Developing pipelines for force/torque sensing data and tactile event labeling could greatly benefit tasks like insertion, assembly, or any contact-heavy manipulation. Additionally, semantic annotations (identifying objects, describing scenes) done in a robot-aware way would add value.
There’s room for startups offering annotation-as-a-service for robotics – e.g. services that label robot camera footage with physical events (slip, grip, collision) or user satisfaction scores. High-quality labeled data could be used to supervise model components that today learn only implicitly.
Hardware-Linked Data Incentives: As seen with HuggingFace’s LeRobot and K-Scale’s low-cost robot, there’s a strong case for increasing the number of robots in the field that can collect data at a low cost. Robot companies might adopt a “razors and blades” model: sell robots at or below cost in order to gain exclusive data streams.

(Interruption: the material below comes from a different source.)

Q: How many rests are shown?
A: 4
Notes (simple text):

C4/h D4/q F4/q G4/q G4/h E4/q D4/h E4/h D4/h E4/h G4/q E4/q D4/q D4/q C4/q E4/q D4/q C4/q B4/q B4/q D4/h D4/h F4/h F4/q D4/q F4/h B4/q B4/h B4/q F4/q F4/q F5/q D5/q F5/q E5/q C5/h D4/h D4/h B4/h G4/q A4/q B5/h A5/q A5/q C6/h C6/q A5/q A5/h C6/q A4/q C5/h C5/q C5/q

This is an opportunity for creative business models – e.g., a home robot vacuum that’s ultra-cheap if the owner opts into data sharing (much like early Alexa devices were sold near cost to get voice data). We might also see consortiums of companies sponsoring deployments of robots in public infrastructure (stores, hotels, warehouses) in exchange for the operational data. Scale diversity of environments is key – getting robots into many homes or businesses can diversify data more than any simulation can.
Coverage & Gap Diagnostics: Most teams can’t see what their data truly covers—by environment, task, object, lighting, angles—or where models fail and feel uncertain. An internal “data observability” tool that can help identify gaps and then proposes targeted “collect-next” recipes—specific scenarios, objects, and contact conditions that would most improve success—so data spend flows to the highest-ROI gaps.

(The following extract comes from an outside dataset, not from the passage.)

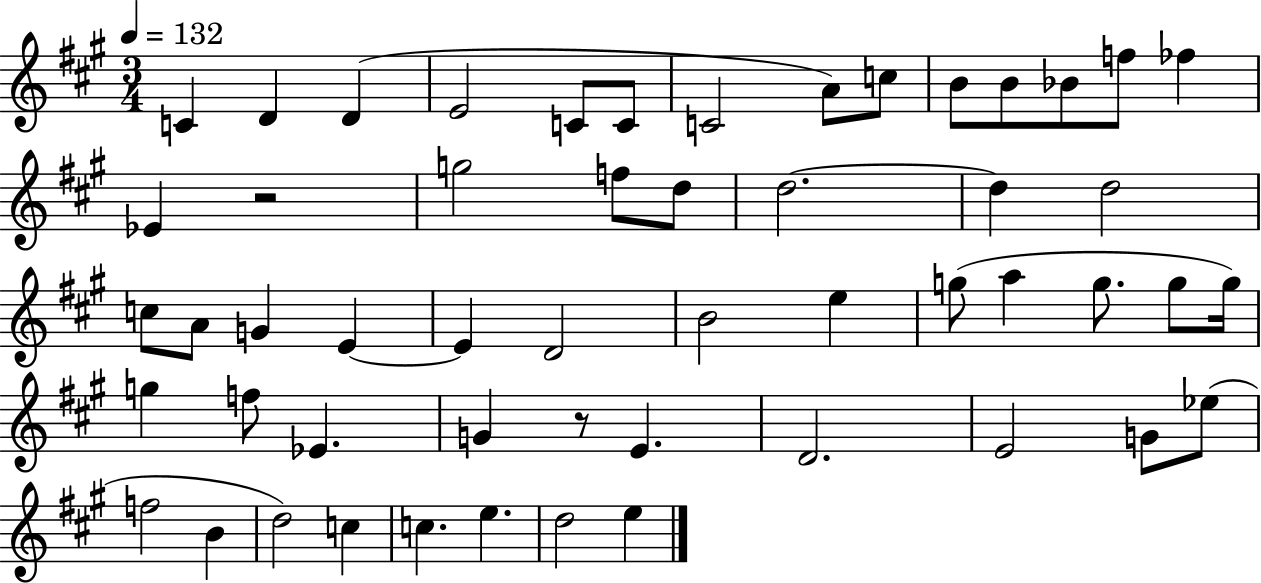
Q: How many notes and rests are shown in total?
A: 53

This turns undirected data collection into a measurable uplift loop: identify blind spots, collect focused episodes (real + sim), and track the performance gain per 1k samples. For teams, it becomes a practical moat: faster iteration, clearer data ROI, and a living coverage map that guides both product and deployment decisions.
Human Video Bootstrapping: Finally, there is the immense repository of human action videos (e.g. YouTube, TikTok) as a potential data source for robots. Research projects have mined YouTube for instructional videos and human demonstrations for robots.
While human video won’t replace robot-collected data, it can fill in knowledge gaps (e.g. how humans manipulate flexible objects) if used judiciously. The key is filtering and adapting it properly – an opportunity for tools that turn unstructured video into robot-usable training snippets.
In generative AI for robotics, models may get the spotlight – but data is the real factor behind the scenes. Building robust, generalizable robot intelligence requires far more data, from far more sources, than earlier AI waves. As we’ve seen, the companies and communities leading the charge are those treating data pipelines as a core product: investing in simulation, instrumenting real-world usage, tapping into human demonstrators, and sharing across ecosystems.
For founders and funders in this space, the takeaway is straightforward: make data strategy a first-class priority. The winners of the next decade of robotics will be defined not just by the smartest robots, but by the richness and coverage of data that allowed their robots to robustly succeed in their deployments.